Material provided —

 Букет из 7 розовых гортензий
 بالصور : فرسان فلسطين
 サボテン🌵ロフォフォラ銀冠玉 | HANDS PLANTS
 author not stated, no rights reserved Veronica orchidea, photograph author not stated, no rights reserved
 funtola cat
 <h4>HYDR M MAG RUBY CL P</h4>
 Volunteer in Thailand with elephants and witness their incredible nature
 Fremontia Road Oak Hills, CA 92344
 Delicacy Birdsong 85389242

==

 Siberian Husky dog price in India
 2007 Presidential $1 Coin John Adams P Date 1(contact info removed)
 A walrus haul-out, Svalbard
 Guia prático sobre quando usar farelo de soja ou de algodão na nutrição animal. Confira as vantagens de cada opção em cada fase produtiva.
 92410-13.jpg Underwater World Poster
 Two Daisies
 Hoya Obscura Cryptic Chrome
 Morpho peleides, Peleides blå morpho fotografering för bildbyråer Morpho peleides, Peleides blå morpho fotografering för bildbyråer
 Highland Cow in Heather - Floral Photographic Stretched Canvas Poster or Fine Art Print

Problem description — Copy verbatim, from the listing above, each line from the one containing "för bildbyråer Morpho" down to the one containing "Highland Cow in", inclusive.

Answer to this task —
 Morpho peleides, Peleides blå morpho fotografering för bildbyråer Morpho peleides, Peleides blå morpho fotografering för bildbyråer
 Highland Cow in Heather - Floral Photographic Stretched Canvas Poster or Fine Art Print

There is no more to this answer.